Overall Approach to Data Quality ROI
Overall Approach to Data Quality ROI is a worthy data quality whitepaper freely available (name and email required for download) from the McKnight Consulting Group.
The author of the whitepaper is William McKnight, President of McKnight Consulting Group. William focuses on delivering business value and solving business problems utilizing proven, streamlined approaches in data warehousing, master data management and business intelligence, all with a focus on data quality and scalable architectures. William has more than 20 years of information management experience, nearly half of which was gained in IT leadership positions, dealing firsthand with the challenging issues his clients now face. His IT and consulting teams have won best practice competitions for their implementations. In 11 years of consulting, he has been a part of 150 client programs worldwide, has over 300 articles, whitepapers and tips in publication and is a frequent international speaker. William and his team provide clients with action plans, architectures, complete programs, vendor-neutral tool selection and right-fit resources.

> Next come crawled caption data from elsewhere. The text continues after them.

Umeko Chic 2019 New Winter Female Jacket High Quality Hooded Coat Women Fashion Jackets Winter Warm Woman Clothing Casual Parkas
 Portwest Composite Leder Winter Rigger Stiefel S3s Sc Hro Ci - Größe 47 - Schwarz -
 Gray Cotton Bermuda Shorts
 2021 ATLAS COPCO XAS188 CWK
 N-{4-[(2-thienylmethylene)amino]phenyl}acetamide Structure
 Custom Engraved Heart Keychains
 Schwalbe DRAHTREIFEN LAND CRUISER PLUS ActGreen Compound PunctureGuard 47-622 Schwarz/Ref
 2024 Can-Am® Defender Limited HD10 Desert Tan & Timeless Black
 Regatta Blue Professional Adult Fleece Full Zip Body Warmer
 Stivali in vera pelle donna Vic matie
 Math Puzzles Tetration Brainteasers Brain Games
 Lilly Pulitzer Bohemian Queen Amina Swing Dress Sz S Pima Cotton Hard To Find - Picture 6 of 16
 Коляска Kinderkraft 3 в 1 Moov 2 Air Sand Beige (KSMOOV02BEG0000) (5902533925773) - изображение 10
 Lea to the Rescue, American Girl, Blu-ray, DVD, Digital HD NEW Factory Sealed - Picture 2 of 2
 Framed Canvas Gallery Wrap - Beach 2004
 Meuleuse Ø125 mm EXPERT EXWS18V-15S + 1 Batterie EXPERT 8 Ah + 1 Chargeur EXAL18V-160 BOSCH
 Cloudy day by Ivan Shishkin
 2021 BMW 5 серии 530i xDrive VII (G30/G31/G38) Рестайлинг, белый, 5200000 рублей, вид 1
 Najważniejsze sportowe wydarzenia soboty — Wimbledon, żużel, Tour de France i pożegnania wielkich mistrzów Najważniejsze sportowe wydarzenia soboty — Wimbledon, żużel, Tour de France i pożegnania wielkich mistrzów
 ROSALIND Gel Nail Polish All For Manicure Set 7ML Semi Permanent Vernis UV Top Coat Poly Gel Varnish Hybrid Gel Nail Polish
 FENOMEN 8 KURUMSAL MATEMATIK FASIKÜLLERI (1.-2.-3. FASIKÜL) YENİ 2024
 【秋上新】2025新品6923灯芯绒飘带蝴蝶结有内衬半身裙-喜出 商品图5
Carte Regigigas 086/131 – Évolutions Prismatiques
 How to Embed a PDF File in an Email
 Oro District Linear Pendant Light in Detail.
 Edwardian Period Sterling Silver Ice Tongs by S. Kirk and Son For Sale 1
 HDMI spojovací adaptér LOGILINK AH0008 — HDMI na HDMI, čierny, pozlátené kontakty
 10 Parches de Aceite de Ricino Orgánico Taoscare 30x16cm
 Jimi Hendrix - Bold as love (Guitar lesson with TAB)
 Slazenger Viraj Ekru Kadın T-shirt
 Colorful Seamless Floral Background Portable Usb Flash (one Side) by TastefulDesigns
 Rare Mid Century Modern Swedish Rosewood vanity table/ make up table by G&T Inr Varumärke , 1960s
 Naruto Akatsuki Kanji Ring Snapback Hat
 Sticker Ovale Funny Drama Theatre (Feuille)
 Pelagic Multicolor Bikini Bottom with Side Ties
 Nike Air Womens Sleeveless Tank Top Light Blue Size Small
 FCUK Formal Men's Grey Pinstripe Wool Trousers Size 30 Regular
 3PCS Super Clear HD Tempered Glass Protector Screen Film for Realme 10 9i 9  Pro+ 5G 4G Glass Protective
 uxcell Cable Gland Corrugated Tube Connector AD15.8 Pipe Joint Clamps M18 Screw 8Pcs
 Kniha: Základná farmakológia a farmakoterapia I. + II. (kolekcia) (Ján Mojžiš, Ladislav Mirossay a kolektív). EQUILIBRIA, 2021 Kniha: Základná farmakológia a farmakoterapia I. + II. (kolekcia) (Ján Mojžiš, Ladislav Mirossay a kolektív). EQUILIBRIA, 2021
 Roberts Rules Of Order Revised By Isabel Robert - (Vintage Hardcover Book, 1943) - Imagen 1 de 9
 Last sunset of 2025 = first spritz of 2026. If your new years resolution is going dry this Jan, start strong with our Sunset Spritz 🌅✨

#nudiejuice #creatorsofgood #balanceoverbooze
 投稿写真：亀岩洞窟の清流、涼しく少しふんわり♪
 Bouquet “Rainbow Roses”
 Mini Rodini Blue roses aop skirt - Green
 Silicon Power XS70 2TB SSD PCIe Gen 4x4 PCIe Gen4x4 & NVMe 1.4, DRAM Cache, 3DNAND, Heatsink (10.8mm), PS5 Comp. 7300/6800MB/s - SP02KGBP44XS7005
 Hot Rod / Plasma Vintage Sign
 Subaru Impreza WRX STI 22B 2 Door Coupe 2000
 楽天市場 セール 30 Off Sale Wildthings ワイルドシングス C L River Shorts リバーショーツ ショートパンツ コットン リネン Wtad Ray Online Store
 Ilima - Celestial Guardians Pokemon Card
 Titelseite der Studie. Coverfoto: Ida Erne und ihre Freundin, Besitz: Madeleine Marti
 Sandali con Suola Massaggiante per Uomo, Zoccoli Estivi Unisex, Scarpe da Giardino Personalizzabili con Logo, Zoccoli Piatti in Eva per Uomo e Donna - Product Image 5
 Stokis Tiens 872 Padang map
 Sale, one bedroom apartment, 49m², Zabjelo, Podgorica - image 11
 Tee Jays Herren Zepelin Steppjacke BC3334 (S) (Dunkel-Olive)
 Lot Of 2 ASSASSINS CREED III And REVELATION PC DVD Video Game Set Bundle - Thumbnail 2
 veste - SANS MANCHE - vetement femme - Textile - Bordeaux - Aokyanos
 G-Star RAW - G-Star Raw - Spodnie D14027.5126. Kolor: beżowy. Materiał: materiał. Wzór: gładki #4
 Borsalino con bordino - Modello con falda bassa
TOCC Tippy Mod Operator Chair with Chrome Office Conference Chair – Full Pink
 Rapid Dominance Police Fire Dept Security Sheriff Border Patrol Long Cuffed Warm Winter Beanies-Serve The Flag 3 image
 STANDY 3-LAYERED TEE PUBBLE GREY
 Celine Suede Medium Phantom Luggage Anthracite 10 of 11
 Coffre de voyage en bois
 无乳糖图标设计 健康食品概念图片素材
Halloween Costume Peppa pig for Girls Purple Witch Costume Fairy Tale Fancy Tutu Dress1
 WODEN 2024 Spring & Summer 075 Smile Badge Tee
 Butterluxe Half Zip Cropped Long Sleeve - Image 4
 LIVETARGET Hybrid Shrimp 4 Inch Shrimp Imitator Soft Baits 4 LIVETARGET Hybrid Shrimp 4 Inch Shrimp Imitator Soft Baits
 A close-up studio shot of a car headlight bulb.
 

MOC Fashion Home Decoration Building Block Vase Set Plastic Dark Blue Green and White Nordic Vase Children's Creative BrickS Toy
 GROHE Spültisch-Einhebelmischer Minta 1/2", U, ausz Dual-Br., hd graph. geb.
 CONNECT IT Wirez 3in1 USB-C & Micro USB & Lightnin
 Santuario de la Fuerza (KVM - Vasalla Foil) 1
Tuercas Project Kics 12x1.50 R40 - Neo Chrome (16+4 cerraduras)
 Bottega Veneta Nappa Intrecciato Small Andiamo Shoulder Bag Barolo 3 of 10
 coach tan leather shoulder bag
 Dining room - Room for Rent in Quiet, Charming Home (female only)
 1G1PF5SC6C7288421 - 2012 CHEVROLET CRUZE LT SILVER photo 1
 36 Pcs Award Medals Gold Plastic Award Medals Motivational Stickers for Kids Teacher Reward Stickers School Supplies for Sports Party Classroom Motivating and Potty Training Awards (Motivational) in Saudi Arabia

Excerpts from Overall Approach to Data Quality ROI:
- “Data quality is an elusive subject that can defy measurement and yet be critical enough to derail any single IT project, strategic initiative, or even a company as a whole.”
- “Having data quality as a focus is a business philosophy that aligns strategy, business culture, company information, and technology in order to manage data to the benefit of the enterprise. Put simply, it is a competitive strategy.”
- Six key steps to help you realize tangible ROI on your data quality initiative:
- System Profiling – survey and prioritize your company systems according to their use of and need for quality data.
- Data Quality Rule Determination – data quality can be defined as a lack of intolerable defects.
- Data Profiling – usually no one can articulate how clean or dirty corporate data is. Without this measurement of cleanliness, the effectiveness of activities that are aimed at improving data quality cannot be measured.
- Data Quality Scoring – scoring is a relative measure of conformance to rules. System scores are an aggregate of the rule scores for that system and the overall score is a prorated aggregation of the system scores.
- Measure Impact of Various Levels of Data Quality – ROI is about accumulating all returns and investments from a project’s build, maintenance, and associated business and IT activities through to the ultimate desired results – all while considering the possible outcomes and their likelihood.
- Data Quality Improvement – it is much more costly to fix data quality errors in downstream systems than it is at the point of origin.